» DATA FOR THIS TASK:
*****
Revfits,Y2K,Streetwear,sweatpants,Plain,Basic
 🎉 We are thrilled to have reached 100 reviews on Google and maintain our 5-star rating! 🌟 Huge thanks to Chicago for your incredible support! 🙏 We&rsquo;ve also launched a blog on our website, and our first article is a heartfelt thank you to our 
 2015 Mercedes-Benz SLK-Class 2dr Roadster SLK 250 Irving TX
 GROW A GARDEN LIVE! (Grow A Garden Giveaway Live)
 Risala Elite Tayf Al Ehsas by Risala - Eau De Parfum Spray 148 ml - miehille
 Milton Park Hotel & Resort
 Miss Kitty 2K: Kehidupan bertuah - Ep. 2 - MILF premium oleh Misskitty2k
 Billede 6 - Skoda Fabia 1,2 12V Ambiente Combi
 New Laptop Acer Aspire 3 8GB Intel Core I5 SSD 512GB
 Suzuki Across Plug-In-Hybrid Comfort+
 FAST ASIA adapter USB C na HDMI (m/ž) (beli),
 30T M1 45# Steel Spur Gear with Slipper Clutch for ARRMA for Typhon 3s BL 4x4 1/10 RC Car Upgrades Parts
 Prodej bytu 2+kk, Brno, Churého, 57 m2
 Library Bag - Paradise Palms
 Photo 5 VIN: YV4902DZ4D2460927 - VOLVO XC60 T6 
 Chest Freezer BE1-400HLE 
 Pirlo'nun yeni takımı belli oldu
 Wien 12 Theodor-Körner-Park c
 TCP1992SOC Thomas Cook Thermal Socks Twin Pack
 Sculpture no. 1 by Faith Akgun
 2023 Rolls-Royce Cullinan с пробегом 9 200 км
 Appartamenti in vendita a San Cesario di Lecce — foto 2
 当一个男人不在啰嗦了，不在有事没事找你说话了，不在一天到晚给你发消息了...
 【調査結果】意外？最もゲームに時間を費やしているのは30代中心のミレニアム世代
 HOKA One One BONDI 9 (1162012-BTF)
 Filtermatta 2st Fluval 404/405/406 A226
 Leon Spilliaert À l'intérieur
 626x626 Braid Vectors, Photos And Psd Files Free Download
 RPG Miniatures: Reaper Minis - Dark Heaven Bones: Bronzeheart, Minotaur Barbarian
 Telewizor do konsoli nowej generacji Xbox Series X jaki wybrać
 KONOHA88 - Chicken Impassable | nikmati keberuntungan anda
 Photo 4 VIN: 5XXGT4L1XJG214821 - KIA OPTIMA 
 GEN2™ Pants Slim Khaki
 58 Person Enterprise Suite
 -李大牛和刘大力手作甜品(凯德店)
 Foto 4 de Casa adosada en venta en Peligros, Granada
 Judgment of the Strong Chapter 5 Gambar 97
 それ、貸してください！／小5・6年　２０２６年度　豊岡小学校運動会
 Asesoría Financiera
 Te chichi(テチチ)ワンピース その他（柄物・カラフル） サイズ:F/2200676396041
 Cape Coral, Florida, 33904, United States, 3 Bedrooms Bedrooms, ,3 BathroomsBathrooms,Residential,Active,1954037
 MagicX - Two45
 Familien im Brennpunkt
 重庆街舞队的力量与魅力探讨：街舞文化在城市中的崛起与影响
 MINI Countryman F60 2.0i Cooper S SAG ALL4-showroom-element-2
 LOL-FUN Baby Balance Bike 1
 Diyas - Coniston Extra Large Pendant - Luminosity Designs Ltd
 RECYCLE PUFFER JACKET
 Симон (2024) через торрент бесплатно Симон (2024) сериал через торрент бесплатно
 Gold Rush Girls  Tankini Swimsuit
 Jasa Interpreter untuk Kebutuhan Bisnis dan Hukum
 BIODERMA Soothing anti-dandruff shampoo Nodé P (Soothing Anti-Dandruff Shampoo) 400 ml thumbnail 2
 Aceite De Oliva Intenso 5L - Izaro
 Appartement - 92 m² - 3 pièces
*****
» ABOUT THIS EXERCISE:
Give back exactly the lines above starting at the line where "Photo 5 VIN: YV4902DZ4D2460927" appears and ending at the line where "Appartamenti in vendita" appears, both included, with no other lines.

» EXERCISE SOLUTION:
 Photo 5 VIN: YV4902DZ4D2460927 - VOLVO XC60 T6 
 Chest Freezer BE1-400HLE 
 Pirlo'nun yeni takımı belli oldu
 Wien 12 Theodor-Körner-Park c
 TCP1992SOC Thomas Cook Thermal Socks Twin Pack
 Sculpture no. 1 by Faith Akgun
 2023 Rolls-Royce Cullinan с пробегом 9 200 км
 Appartamenti in vendita a San Cesario di Lecce — foto 2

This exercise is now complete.